Exactly as they appear, retype the lines from the one containing "Property photo for" through the final line of the data below. Leave pictures out.
Start of Data to process
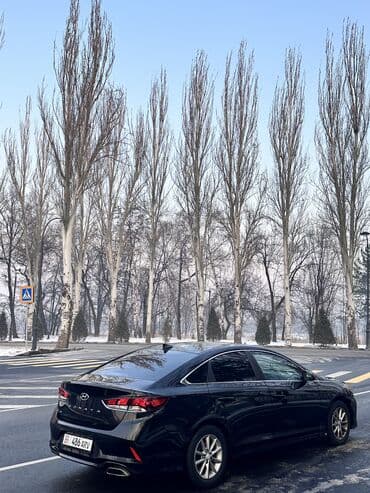 byd yuan plus цена в бишкеке: Hyundai Sonata: 2017 г., 2.4 л, Автомат, Бензин, Седан — 2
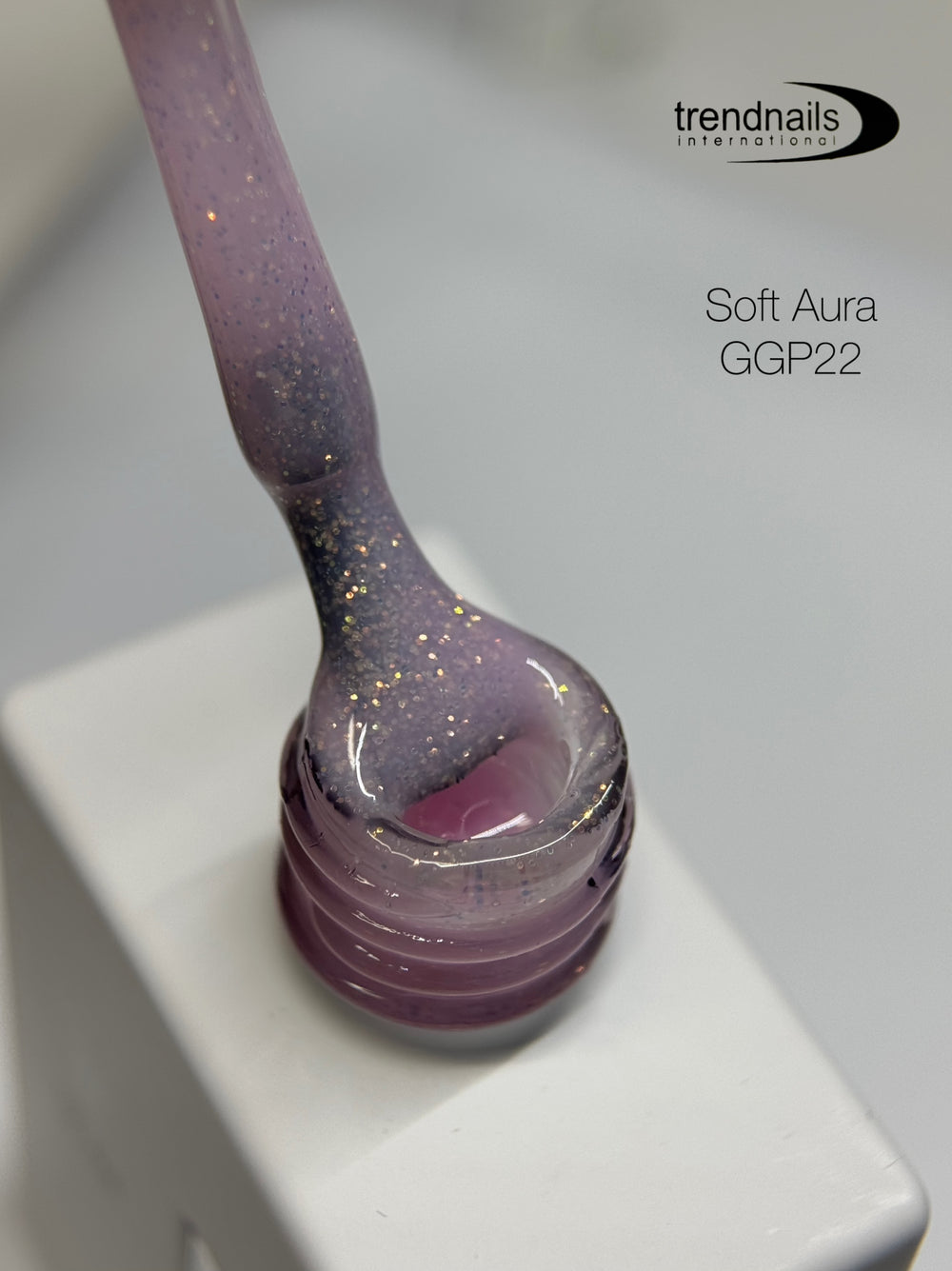 Glitter Gel Polish Soft Aura No. GGP22 (12ml) TPO-free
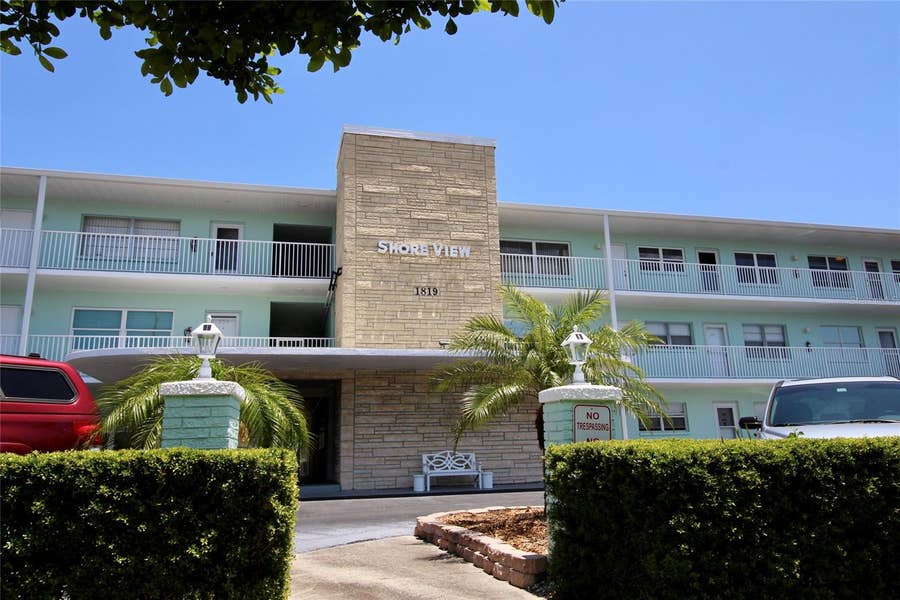 Property photo for 1819 SHORE DRIVE S, #APT 106, South Pasadena, FL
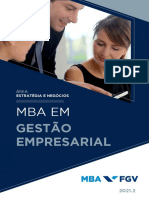 Mba Em: Gestão Empresarial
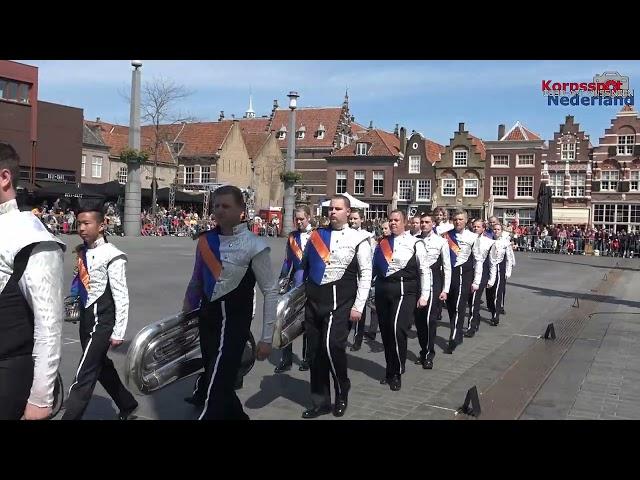 Opening Oranje Bandshow Dordrecht 2023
End of Data to process
▶ Result
 Property photo for 1819 SHORE DRIVE S, #APT 106, South Pasadena, FL
 Mba Em: Gestão Empresarial
 Opening Oranje Bandshow Dordrecht 2023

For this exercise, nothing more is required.